## WORK INSTRUCTIONS
Give all of the listing again word for word, with images excluded.

## DATA BELOW
☆ ☆ ☆ ☆ ☆ ☆ ☆

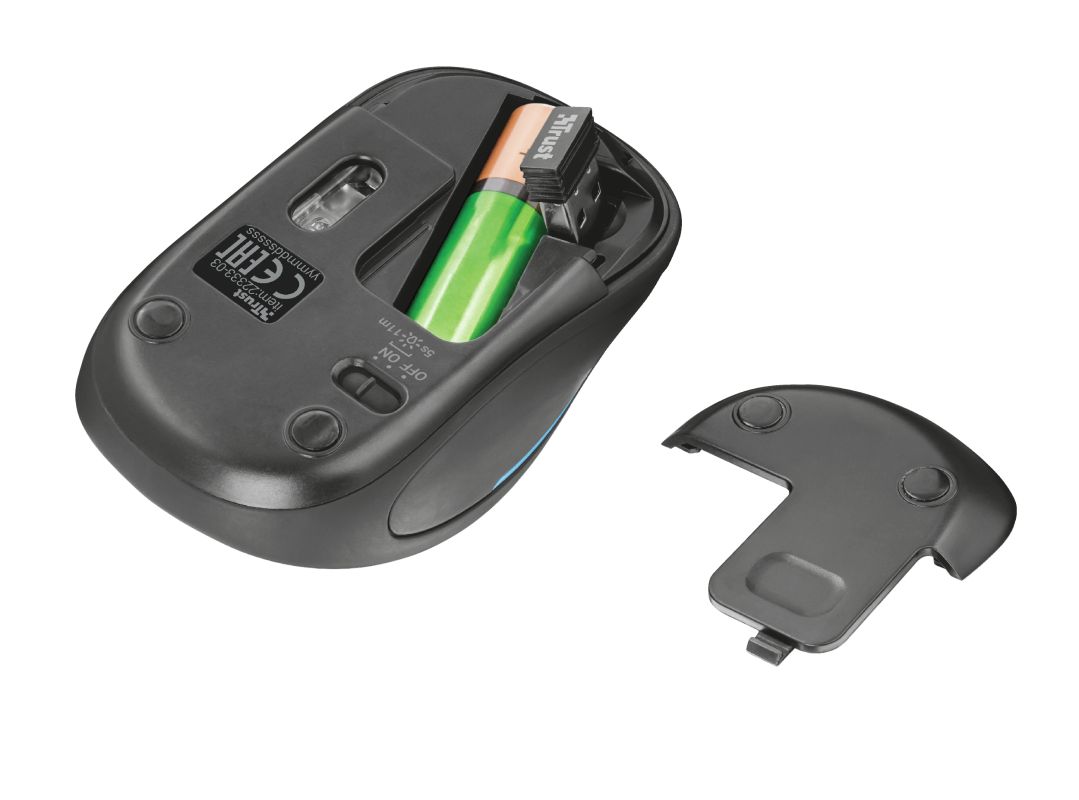 Mouse fara fir Trust Yvi FX Wireless Mouse - negru  Specifications General Height of main product (in mm) 95 mm Width of main product (in mm) 57 mm Depth of main product (in mm) 40 mm Total weight 84 g Formfactor compact Ergonomic design no  Connectivity Connection type wireless Bluetooth no_3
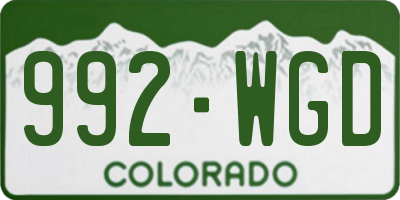 CO license plate 992WGD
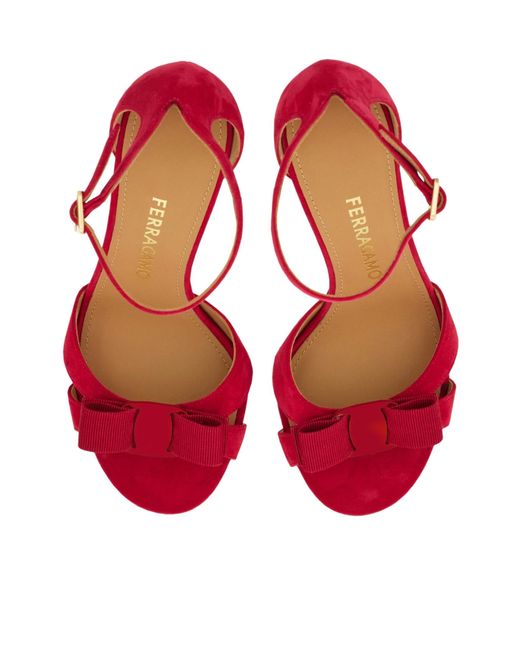 Ferragamo Red Vara Bow Sandal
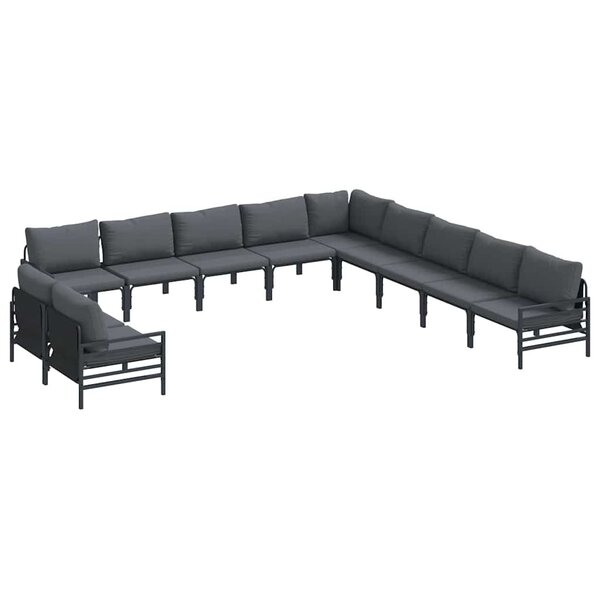 vidaXL Ensemble de canapé de jardin avec coussin 11 Pièces Noir Acier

☆ ☆ ☆ ☆ ☆ ☆ ☆

## ANSWER FOR THE TASK
 Mouse fara fir Trust Yvi FX Wireless Mouse - negru  Specifications General Height of main product (in mm) 95 mm Width of main product (in mm) 57 mm Depth of main product (in mm) 40 mm Total weight 84 g Formfactor compact Ergonomic design no  Connectivity Connection type wireless Bluetooth no_3
 CO license plate 992WGD
 Ferragamo Red Vara Bow Sandal
 vidaXL Ensemble de canapé de jardin avec coussin 11 Pièces Noir Acier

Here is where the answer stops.